▸ **ASSIGNED TASK**
Exact copies of the lines below, from the one with "বিশ্ব মুসলিমের ঐক্য" up to and including the one with "Banheiro de kitnet/studio", are what this calls for; leave out pictures.

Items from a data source
□ □ □
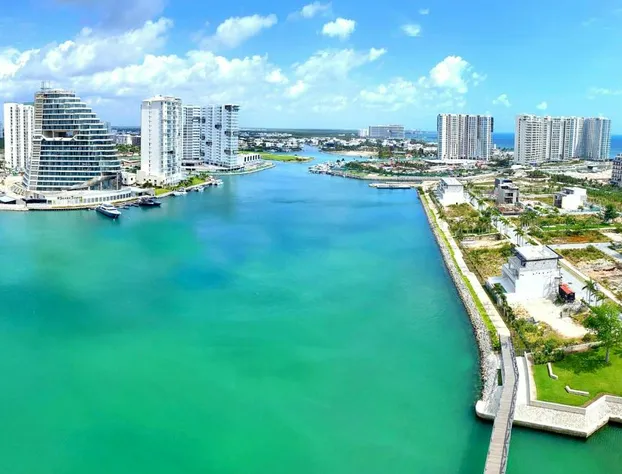 Renaissance Cancun Resort & Marina hotel detail image 1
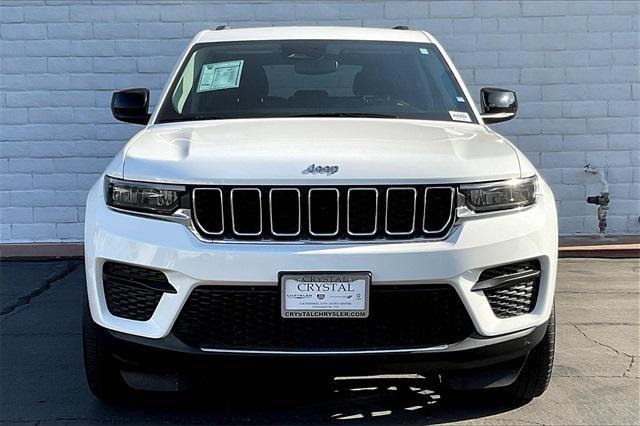 used 2023 Jeep Grand Cherokee car, priced at $27,990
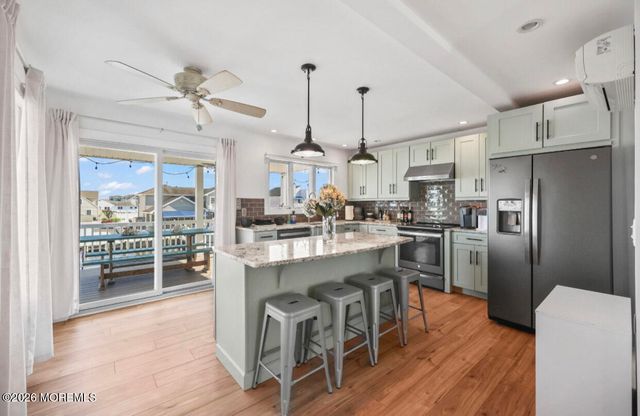 189 Catherine Lane, Manahawkin, NJ 08050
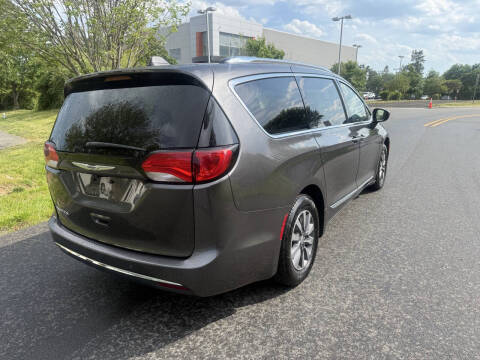 2020 Chrysler Pacifica Touring L Plus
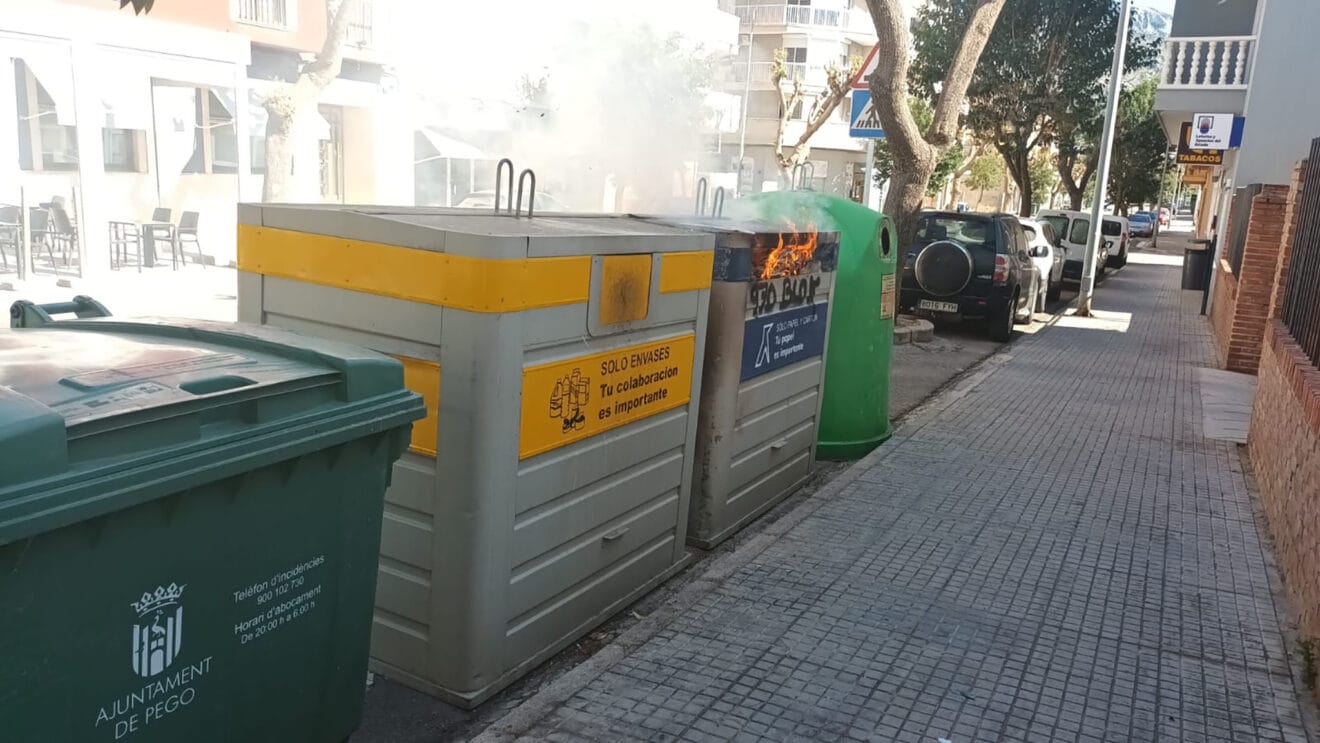 Las llamas devoran el contenedor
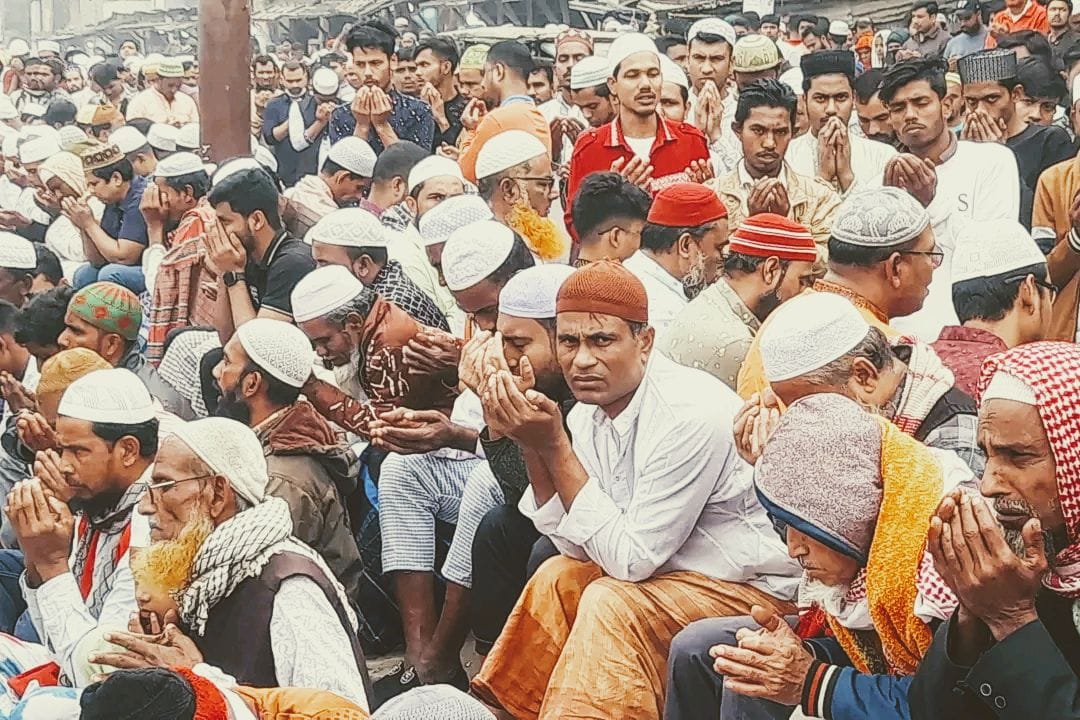 বিশ্ব মুসলিমের ঐক্য ও শান্তি কামনায় শেষ হলো ইজতেমার প্রথম পর্ব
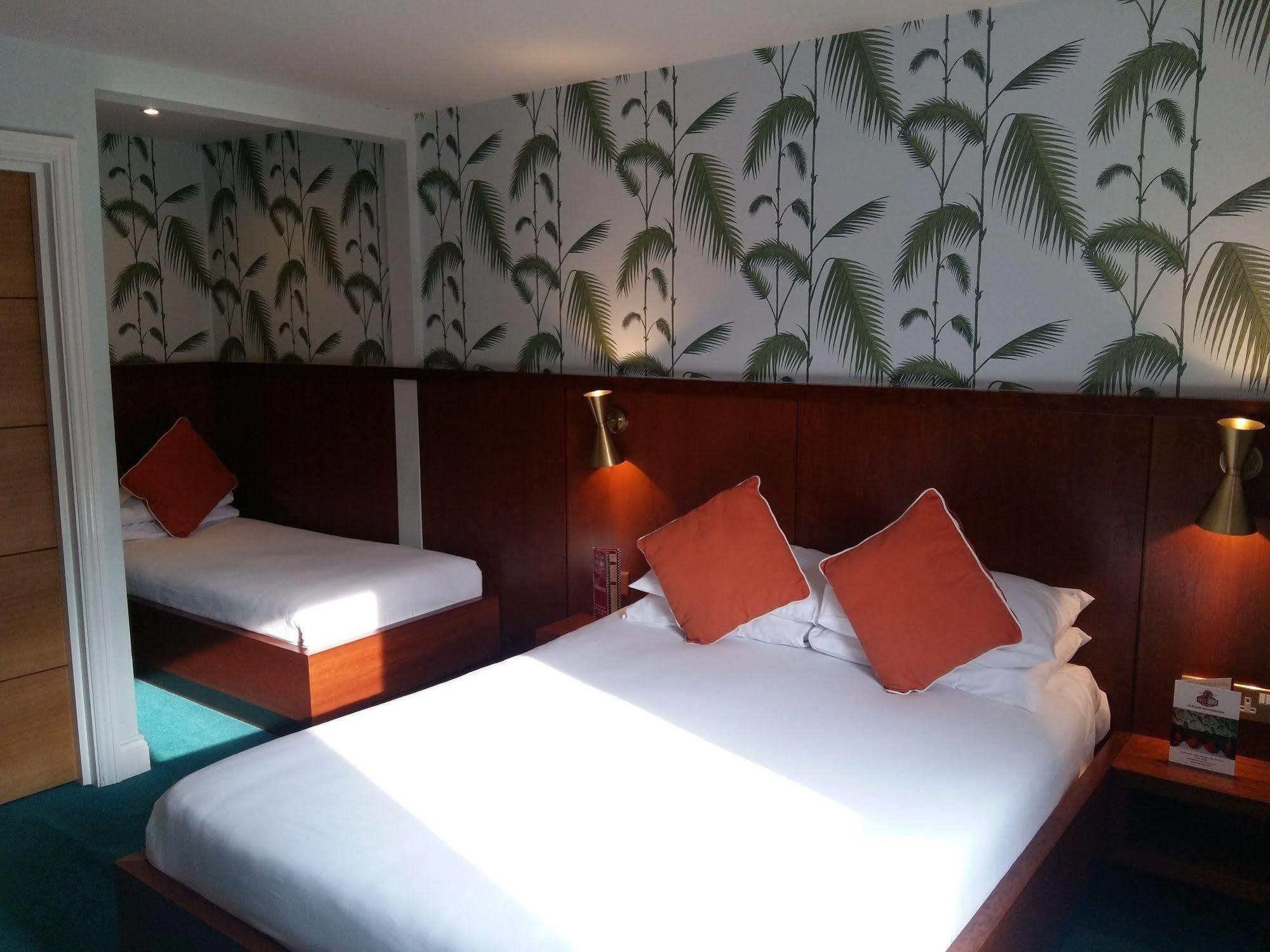 7Hotel Diner Halstead  Buitenkant foto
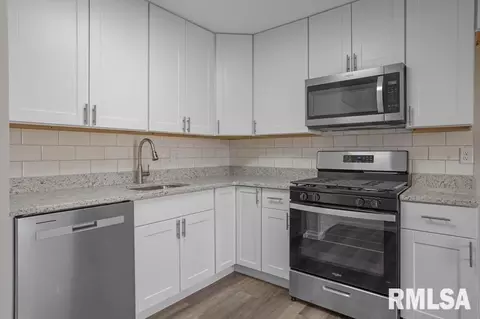 Kitchen - 2539 W Monroe St, Springfield, IL 62704 photo 3 of 3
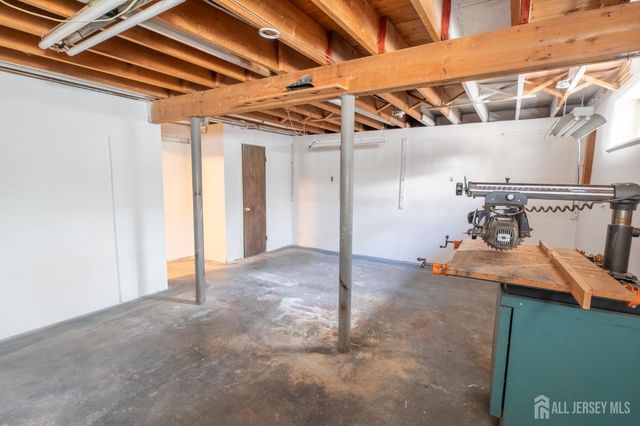 12 Francis Road, East Brunswick, NJ 08816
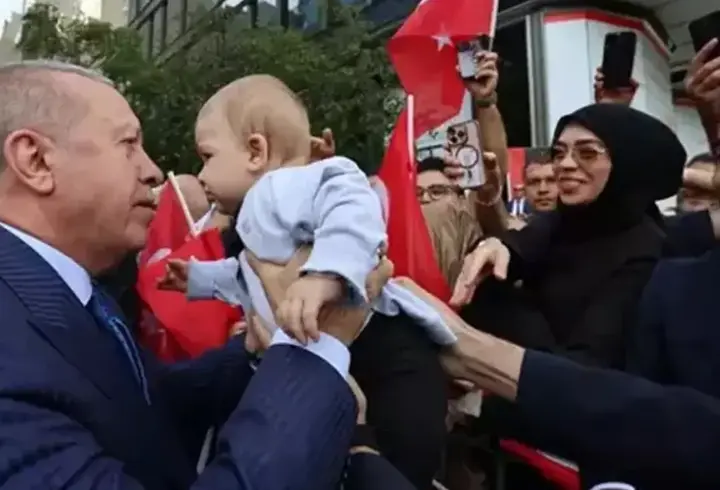 Cumhurbaşkanı Erdoğan'a Türkevi'nde Mahir bebek sürprizi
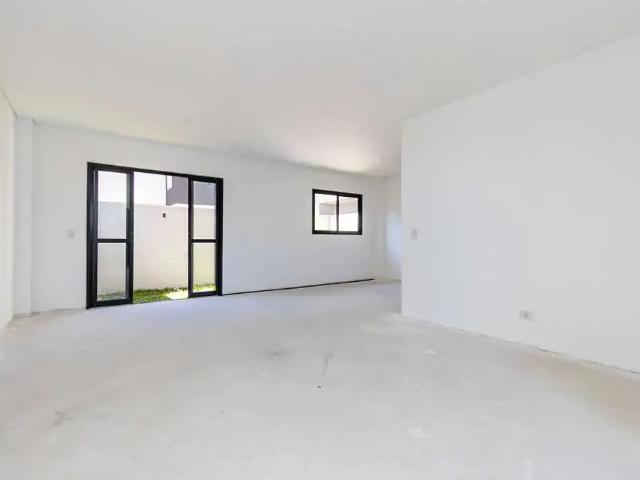 Casa / Sobrado para Venda em Curitiba/PR Cajuru 3 Quartos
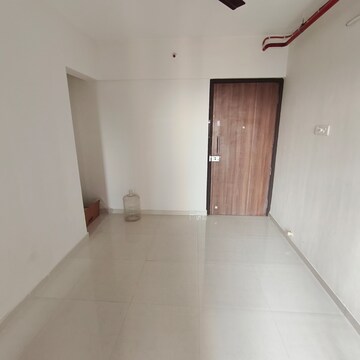 Room in 1 BHK Apartment at Dosti Greater Thane, Kalher – for Rent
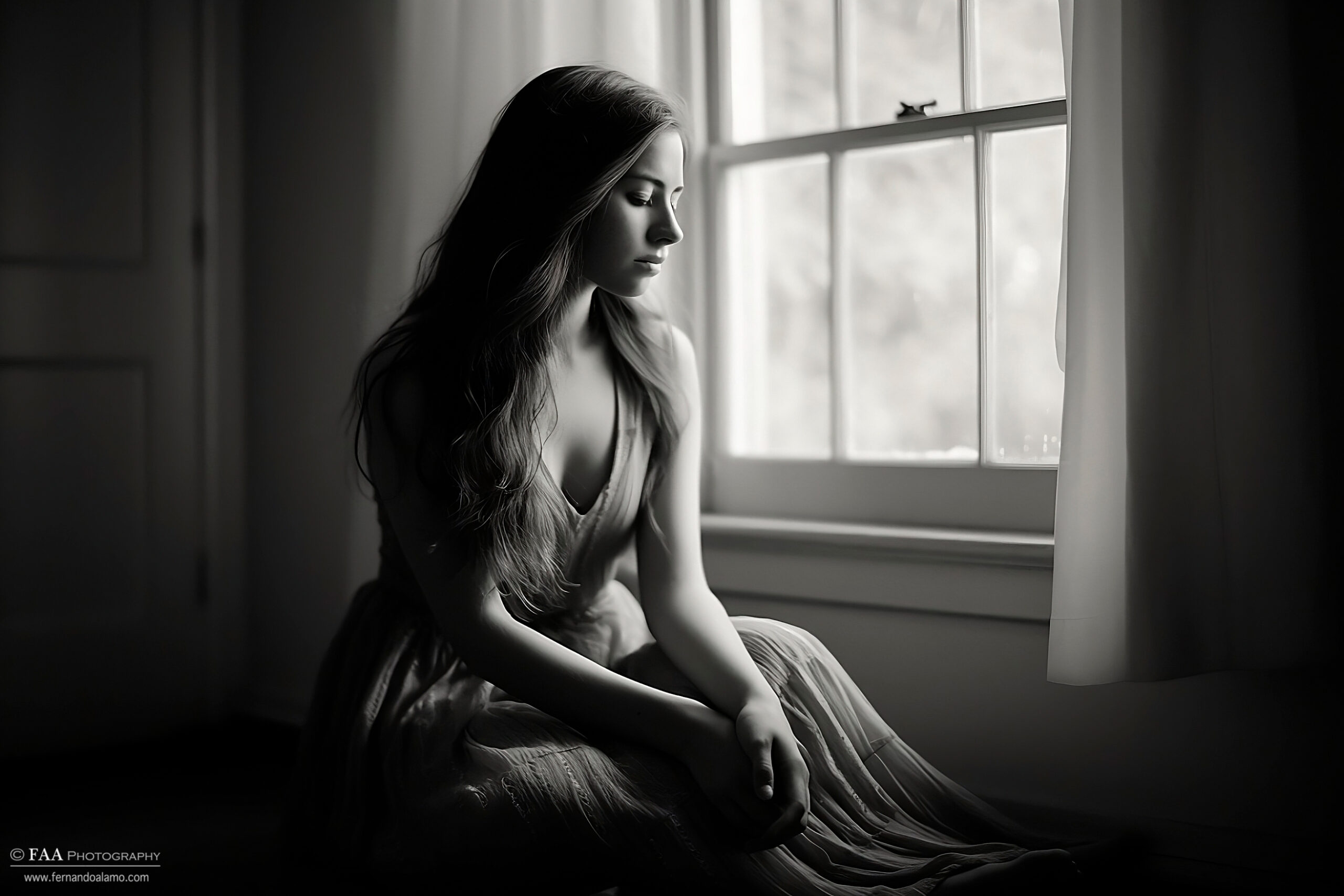 Mujer Sentada Junto a Ventana Monocromo Transformed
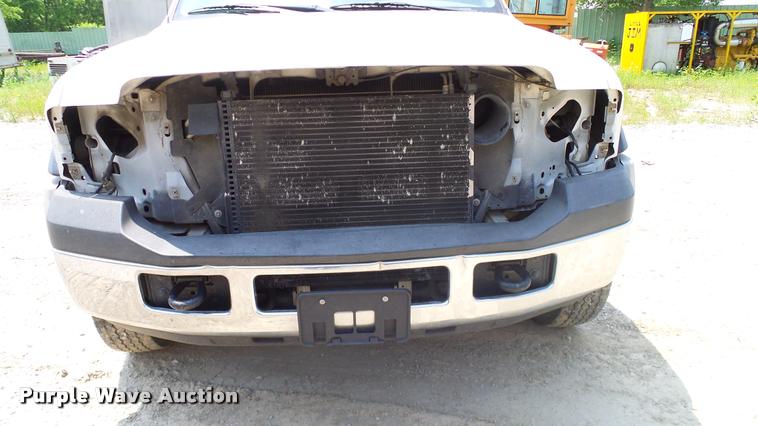 image for item L3147 2007 Ford F450 Super Duty Crew Cab flatbed truck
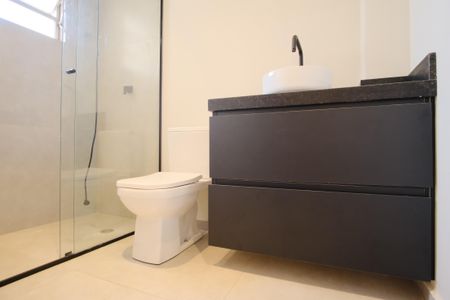 Banheiro de kitnet/studio à venda com 1 quarto, 53m² em Tatuapé, São Paulo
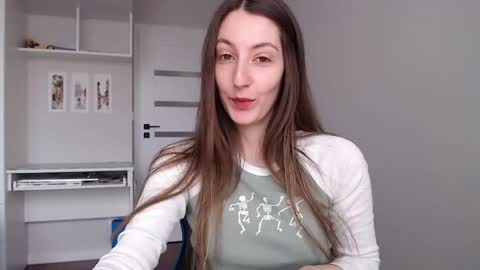 Snapshot of sweetheart_77 chatting on 05-12-26, 09:06 Emma online show from 05-12-26, 09:06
□ □ □
▸ **SOLUTION FOR THIS EXERCISE**
 বিশ্ব মুসলিমের ঐক্য ও শান্তি কামনায় শেষ হলো ইজতেমার প্রথম পর্ব
 7Hotel Diner Halstead  Buitenkant foto
 Kitchen - 2539 W Monroe St, Springfield, IL 62704 photo 3 of 3
 12 Francis Road, East Brunswick, NJ 08816
 Cumhurbaşkanı Erdoğan'a Türkevi'nde Mahir bebek sürprizi
 Casa / Sobrado para Venda em Curitiba/PR Cajuru 3 Quartos
 Room in 1 BHK Apartment at Dosti Greater Thane, Kalher – for Rent
 Mujer Sentada Junto a Ventana Monocromo Transformed
 image for item L3147 2007 Ford F450 Super Duty Crew Cab flatbed truck
 Banheiro de kitnet/studio à venda com 1 quarto, 53m² em Tatuapé, São Paulo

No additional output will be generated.